На выставку в Южночешской галерее им. М. Алеша торжественно съехались 120 русских полотен из коллекций чешских музеев: Галереи столицы Праги, Пражского Града, Пражской национальной галереи, галерей изобразительного искусства Находа и Остравы, галереи современного искусства города Градец Кралове. Статус чешско-русской выставки придали три полотна, привезенные из Москвы, принадлежащие собранию Третьяковской галереи. Два из московских гастролеров принадлежат кисти Ильи Ефимовича Репина. Самое экзотическое из них — репинские «Запорожцы» (вариант картины «Запорожцы пишут письмо турецкому султану») — обеспечило промоушен выставки и явилось титульной картинкой на рекламной продукции. Еще у Ильи Ефимовича позаимствовали название его автобиографии «Далекое — Близкое» — и выставка по задумке ее авторов получила очертания, хотя помимо 23 работ мэтра живописи остальные принадлежат еще 50 художникам, среди которых бренды и малоизвестные произведения живописи и графики. Из репинских, пожалуй, сильнейшее впечатление близостью сюжета и тем оставляет картина, хранящаяся в собрании Пражского града «А. С. Пушкин на акте в лицее 8 января 1815 года читает свою поэму „Воспоминания о Царском Селе“» (1911 г.) — Пушкин традиционно «это наше все». Ностальгия сопровождается не только чувством того, что классическое русское искусство — лучший наш адвокат, но и поиском ответов, как академические работы попали в эмиграцию в Чехию.

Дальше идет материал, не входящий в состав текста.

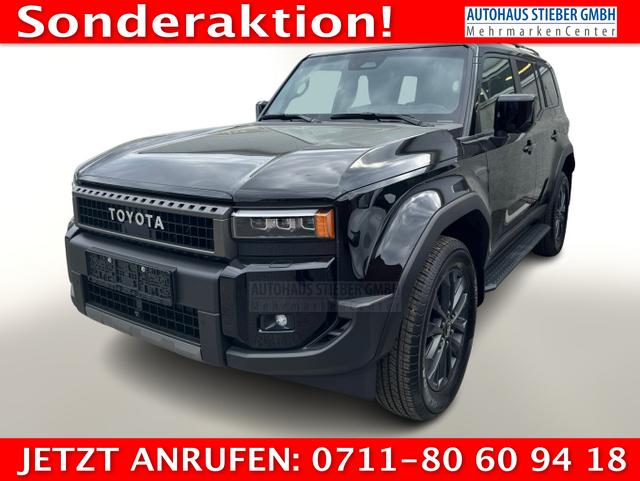 Toyota Land Cruiser - 2.8 D4-D 204 Aut 4x4 Pano Nav JBL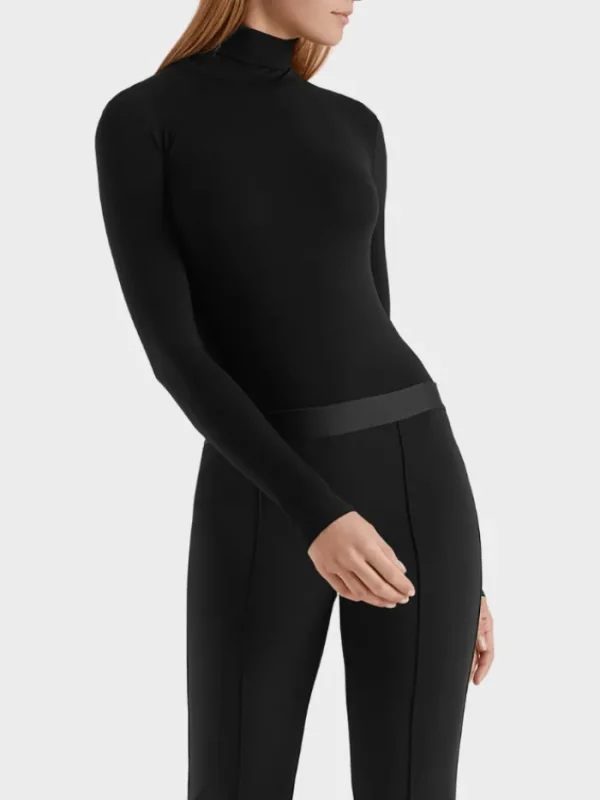 Marc Cain Collections Tops | Gifts Under £100^Black Roll Neck Top +E 48.54 J03 COL 900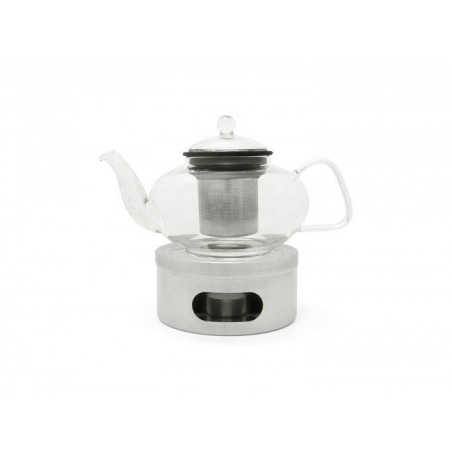 Calentador para tetera bredemeijer 191001 acero inoxidable alrededor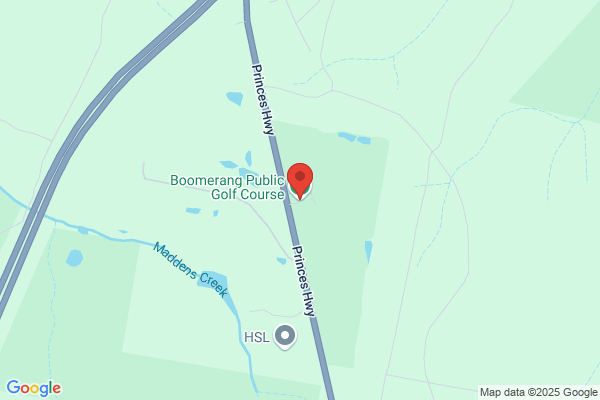 Boomerang Golf Course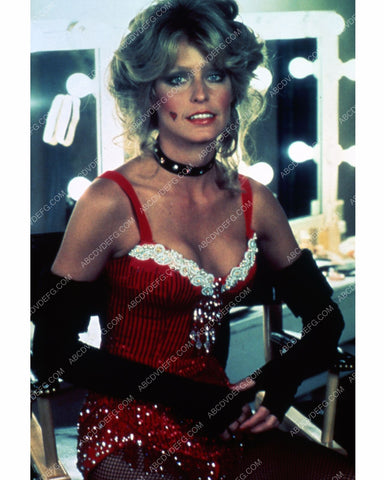 Farrah Fawcett in sexy chorus outfit 8b20-13547
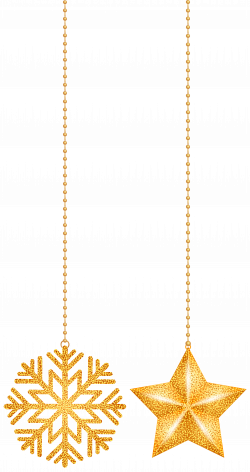 Hanging Christmas Decor PNG Clip Art Image | Gallery Yopriceville ...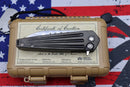 Medford Knife Nosferatu Flipper PVD & Polished S35VN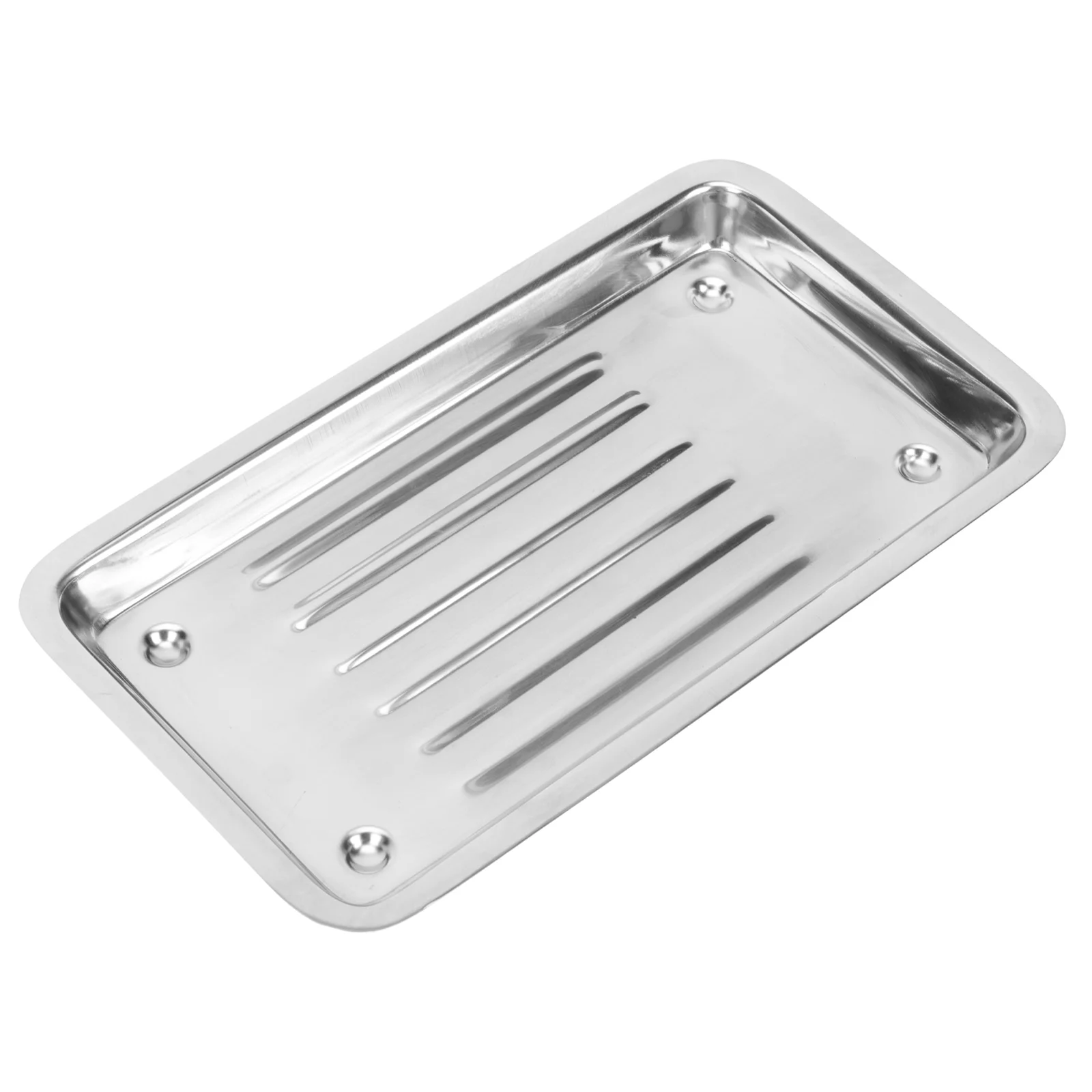 

Stainless Steel Tray Stackable Dental Practical Accessory Multi-function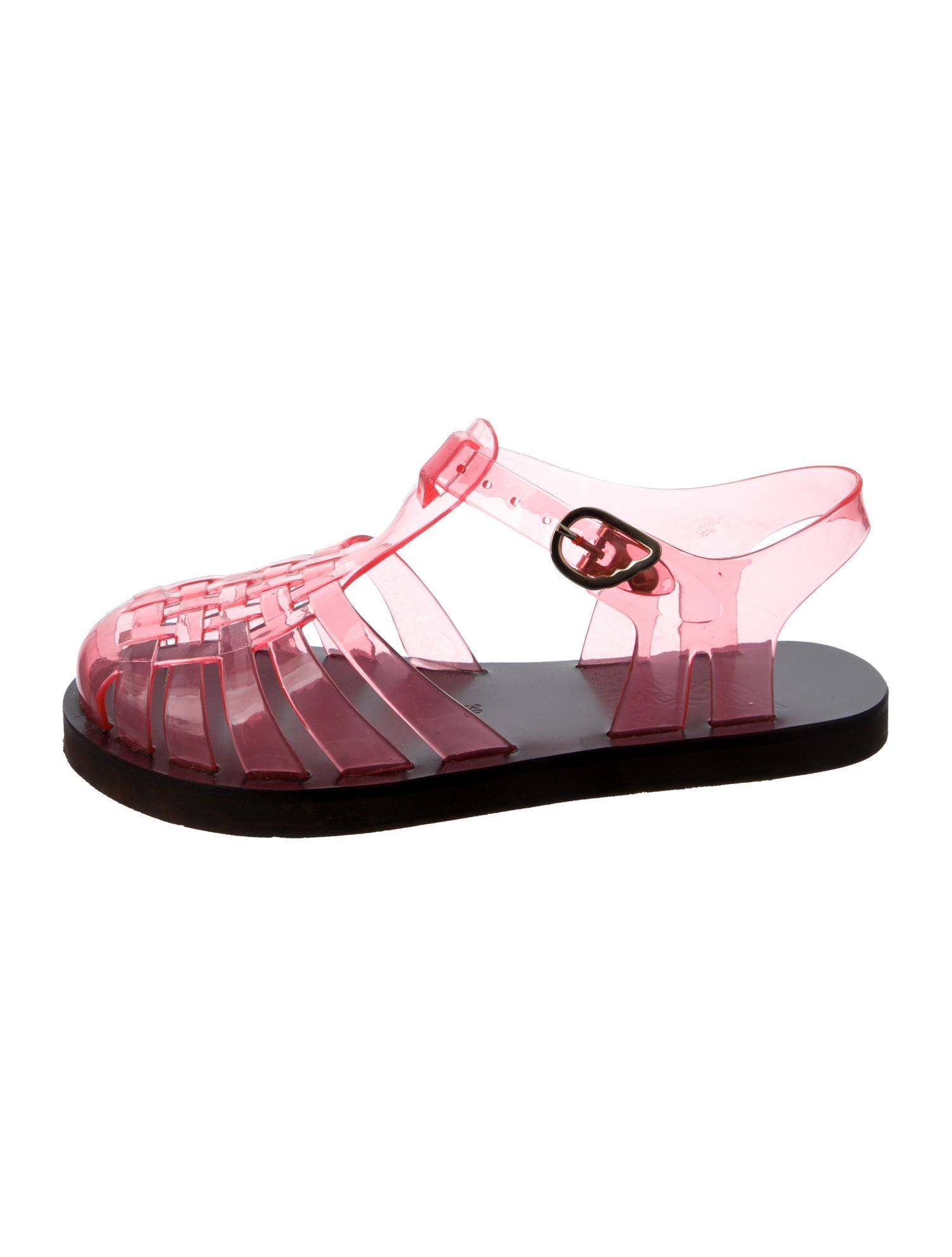 Ancient Greek Sandals PVC T-Strap Sandals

История русских выставок, которые сопровождались продажей выставленных произведений, начинается с 1871 года. Именно тогда, еще в бытность Австро-Венгрии, в Праге Клубом художников в честь его восьмой годовщины была организована выставка Ивана Константиновича Айвазовского. Несколько лет спустя, в 1886 году, Клуб организовал выставку В. В. Верещагина в Пражском Рудольфинуме — 45 картин прибыли вместе с их автором. В завершение двухмесячной, самой посещаемой выставки Праги автор был удостоен звания почетного члена Клуба художников. Далее одним из крупных событий арт-мира Праги можно назвать год 1920, когда в масариковской Праге поселился Григорий Мусатов, один из основоположников русского авангарда, бежавший от революции. В 1927 году, благодаря протекции культового чешского художника Яна Зрзавы, Мусатов устроил первую персональную выставку. Колорит и тематика его работ всегда оставались в русской традиции, и это не помешало искусствоведам того времени выкупить 39 его холстов в фонды Чехословацкой национальной галереи. На нынешней выставке в замке Глубока-над-Влтавой мне пришлось впервые вживую увидеть искрящуюся красочностью иронично-фольклорную работу «Стенька Разин» — это и есть пример пугающего восторга, на который я намекала вначале — сабля в руке, нога на пушке, душегрейка на бараньем меху, как королевская мантия, кучерявая грудь нараспашку — анархия и силища, таков живописный образ известного персонажа российской истории. Вторая работа Г. Мусатова, которую можно увидеть на этой выставке — «Летящие на воздушном шаре» — более поэтичная, в духе Шагала.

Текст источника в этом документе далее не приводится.